The front door of the car opened again. Two railway men staggered in, carrying Monsieur Benoit's trunk.

“Ah!” The burly man squeezed past the thin man and strode toward it. He leaned over.

“Arn-owd Ben-oyt!” he read out, pointing at the label on the trunk. “Yours?” he demanded.

“Yes.” Monsieur Benoit spoke the English words quietly. “I am Arnaud Benoit.”

Huffing, the big man leaned down and scratched at one of the corners of the trunk. The dark paint flaked off. Gustave gasped. Even from his seat, he could see the soft gleam of the trunk's corner.

“Gold!” the thinner man said triumphantly. “There it is!”

Gustave's heart thudded. Were they all going to be searched?

The man with the big belly unclasped something from his waist and held it out toward Monsieur Benoit. Light glinted on dull metal. The elderly jeweler held his arms out, and the handcuffs clanked shut around his wrists. He stumbled slightly as the big man pushed him to the side and strode toward the other French passengers, shouting.
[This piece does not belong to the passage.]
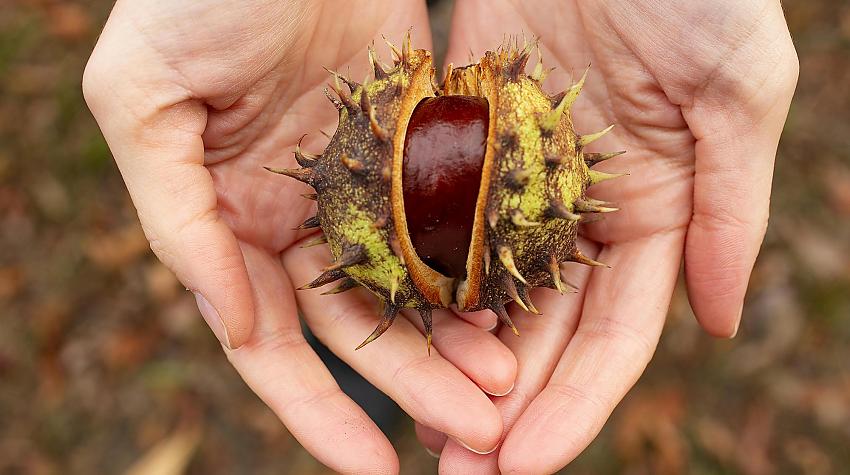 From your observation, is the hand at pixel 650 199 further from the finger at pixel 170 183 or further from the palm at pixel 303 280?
the finger at pixel 170 183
They looked at one another, bewildered. Monsieur Benoit turned around. His face was pale, his hands were shackled awkwardly in front of him, and Gustave saw
sweat on his forehead below the brim of his hat. His voice was shaky but still courteous as he translated the command.

“These gentlemen are from the government, from the FBI. They say that all foreign passengers must get out their papers and bags for inspection. One row at a time. Starting here.”